REQUIRED ACTION: Starting at the top of the entries below, write out each line up to and including the one containing "I'm on the mobile". Leave the pictures out.
*** Begin section ***
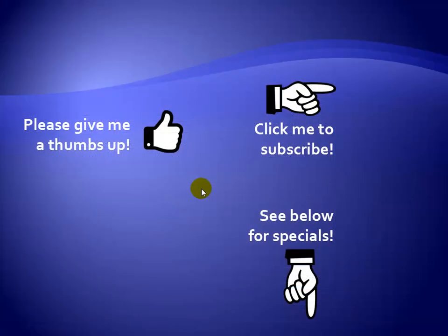Thanks for watching. Hey, as a quick reminder, if you like my video, please give it a thumbs up. You can also click on me and subscribe to my channel to get notified of the latest videos. And for great specials on my products, please see the description below this video.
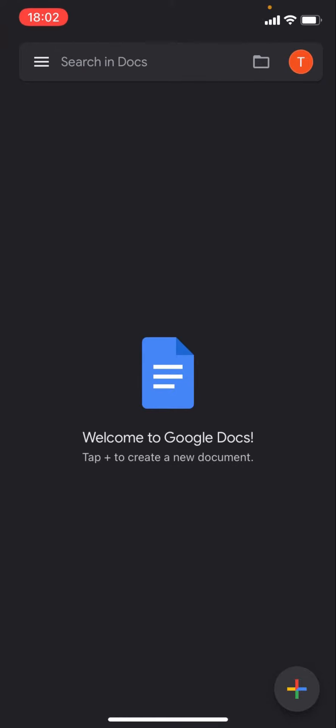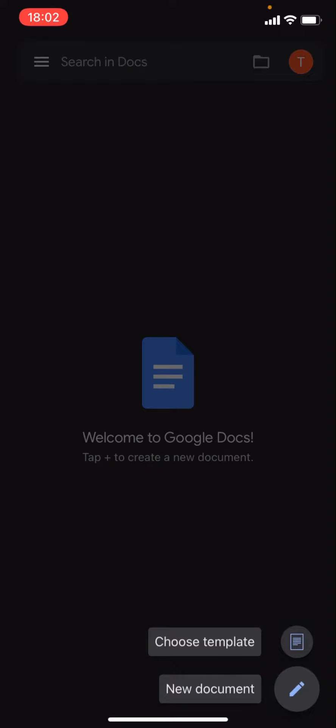I'm on the mobile version. What you're going to have to do if you want to create a new Google document is press this plus button in the bottom right corner.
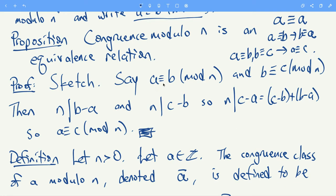Suppose that a is congruent to b modulo n and b is congruent to c modulo n, and we're supposed to show that a is congruent to c modulo n. By definition of congruence, n divides b minus a and n divides c minus b. Now by the properties of divisibility, n must also divide the sum (c minus b) plus (b minus a), but that sum is just c minus a, so n divides c minus a. In other words, by the definition, a is congruent to c mod n. That shows transitivity, and reflexive and symmetric are similar.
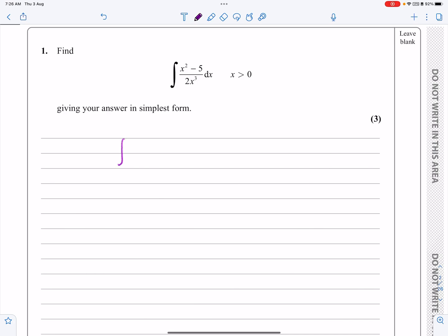We've got the integral of x squared minus 5 over 2x cubed dx. Typical to these questions is that you need to do a little bit of algebraic work first, before you can actually do the integration.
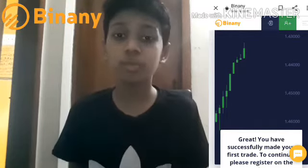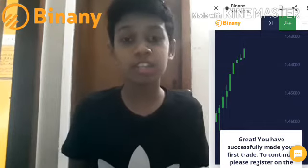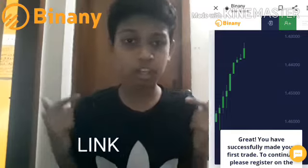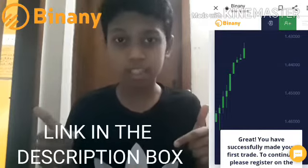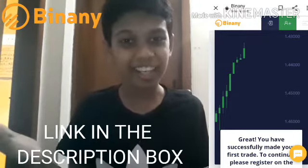I am going to sponsor this video and I am going to show you how to trade and earn.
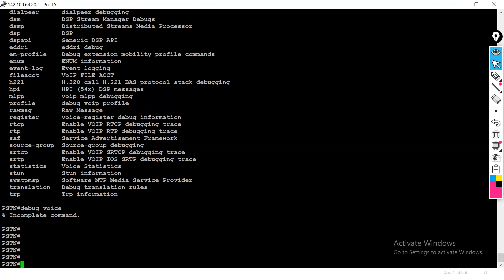After disabling debug, go to PuTTY settings, change logging to 'none,' and apply. Then go to your saved log file location to review the collected debug output. The debug log shows: calling number, called number, incoming dial-peer matched, digit-by-digit matching, and which dial-peer was finally selected. This is how dial-peers and debug commands are used on the gateway.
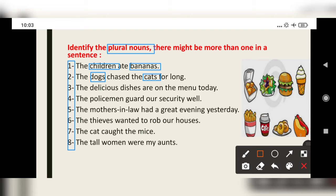The delicious dishes are on the menu today. So, 'dishes' is the plural noun. In this picture you can see there are so many food items.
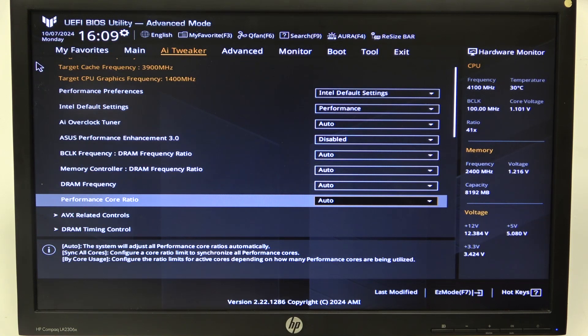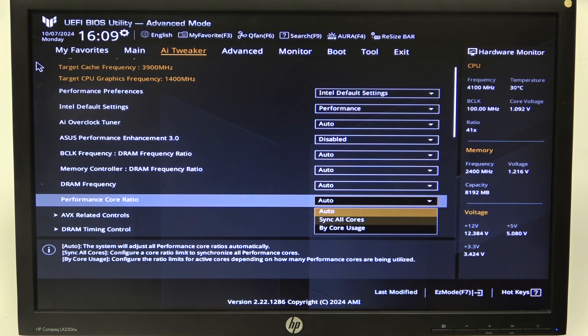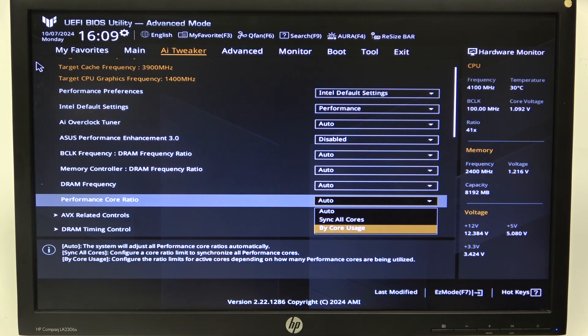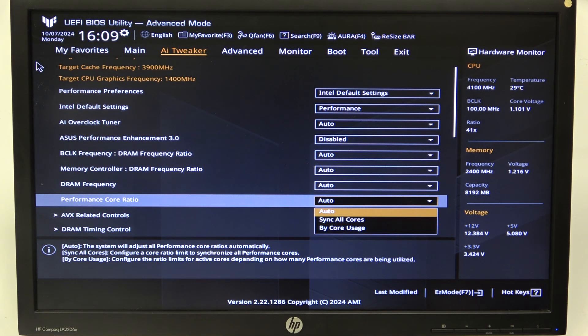To do this, first we'll need to open Advanced Mode for the BIOS, navigate to AI Tweaker and scroll down to Performance Core Ratio. When you hit Enter, you can switch between Auto, Sync All Cores, or By Core Usage.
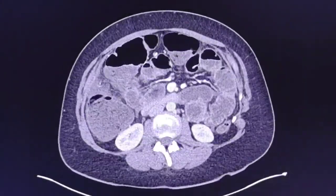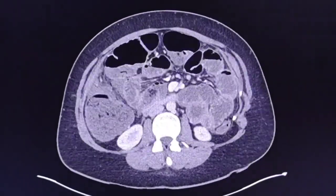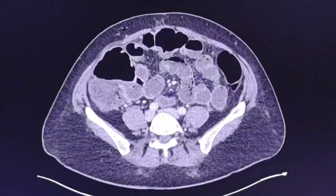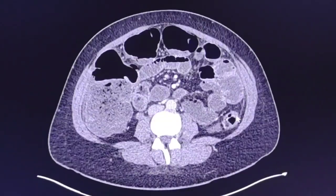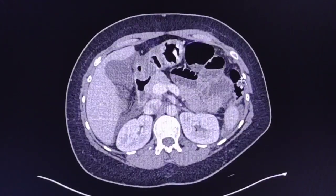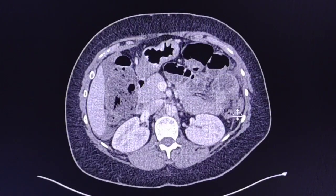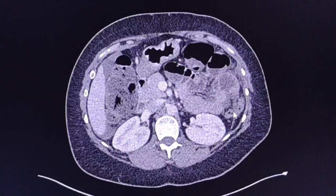This is typical Ogilvie syndrome — pseudo-obstruction. It is not real mechanical obstruction. There is no true stenotic point or mechanical obstruction; it is a kind of ileus. This is Ogilvie syndrome, and this is the most common cause of bowel dilatation after caesarean section.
*** End section ***
RESPONSE:
Thanks for watching. Hey, as a quick reminder, if you like my video, please give it a thumbs up. You can also click on me and subscribe to my channel to get notified of the latest videos. And for great specials on my products, please see the description below this video.
I'm on the mobile version. What you're going to have to do if you want to create a new Google document is press this plus button in the bottom right corner.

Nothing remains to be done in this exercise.